And so, as my time in Haiti comes to a close, it seems my blogging slows down, which I should probably make an effort to counter, but I don't seem to have the same drive (or perhaps energy) to share as I once did. Now that I have a proper bedroom I really must admit, coming back from the office, hitting the bed, and grabbing a book is pretty much heaven for me. I tend to repeat that pattern quite frequently.
That said, this seems an appropriate time to write, as some big changes have happened in terms of my immediate future, and while some are frustrating, I am, more than anything, excited at what is to come.
First things first, Project Leogane is coming to an early close. Without going into too many details, All Hands finds itself in a situation right now where continuing to fund Haiti - now over two years after the quake - is proving to be an exercise in futility. A decision had to be made, which balanced Project Leogane against the overall financial health of the organization, and, unsurprisingly, the AHV board decided Project Legoane had to finish so All Hands can continue. I'd imagine this is a decision that many small organizations have found themselves having to make, as, afterall, this isn't a business. We depend on outside funding. When that goes away, we go away. Funding can be fickle. Haiti fell out of the news a long time ago. The funding tends to follow suit. So here we stand: the final day of work for almost everyone on the ground in Haiti is April 27th, 2012. A few people will stay on, myself and Paddy being the two who will effectively be the last All Hands members to leave Haiti (more on that below), but as it stands now, nearly all local and international staff leave Project Leogane the 27th.
The news took the wind out of our sails for a while, but, regardless of the reasons for it happening, it makes sense when I step back and look at it from the perspective of the higher ups. Yes, there are elements at play that do frustrate me, as many of us on the ground here feel our programs, which could be argued are the best programs the organization has ever run, are being cut due to decisions made above us that didn't have the desired outcome and have thus forced this hand. That may or may not be true, but I realize that it is easy to play the blame game, and to me, that seems pointless right about now. At the end of the day, I know what is happening on the ground in Haiti, and I know a bit of what is happening in the circles above, but I'd be wrong to assume I know the details behind the decision to close the project, and as such pointing fingers seems a base thing to do.
So we'll keep it at this: I'm sad to see the project close early, mostly due to the impact it could have on our local staff, but I was and remain incredibly thankful that I got to be a part of it. I don't think that what I've been lucky enough to help do here could have happened for me in any other organization.
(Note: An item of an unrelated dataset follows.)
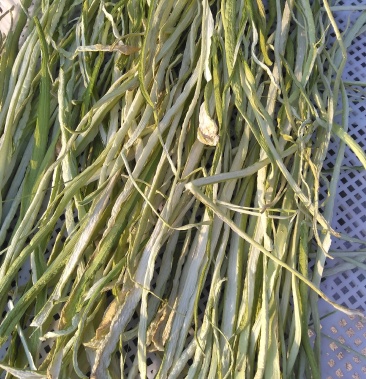 大山里的白芋头苗杆干自然晾晒不打农药无污染天然绿色食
And yes, while Project Leogane is closing early, we can still be incredibly proud of the work we did, and the many thousands of people we helped. As an organization, All Hands stretched itself further than it had ever dared to before in doing what it did here, and once the current financial hurdles are (hopefully) cleared, I believe the lessons learned and experienced gained as a result of Project Leogane will be a major stepping stone toward future growth and improvement within the organization. When it's all said and done, I can't see how anyone could argue Project Leogane was anything but a success. We did what we came here to do: help people help people. That's a beautiful thing.
So what's next? Well, as mentioned above, while most everyone else will be leaving Haiti at the end of April, Paddy and myself will not. We recently finalized a partnership with GOAL, the large Irish NGO, to build and install 400 biosand filters for their beneficiaries in and around Gressier. While we plan on finishing the installations before April 27th, we do need to conduct two months of follow-ups with the families to make sure they have the support they need to use the filters over the long run. As such, Paddy, myself, and a few of our local staff will remain in Haiti until the end of June to see that through. We'll likely be staying at the base of a friend of ours, while still working for All Hands. Should be interesting. It will be strange to be the final two, but I do like the idea of being able to finish (or ideally, hand off to another organization) the program we helped start back in July 2010. I like the completeness of it - from beginning to end.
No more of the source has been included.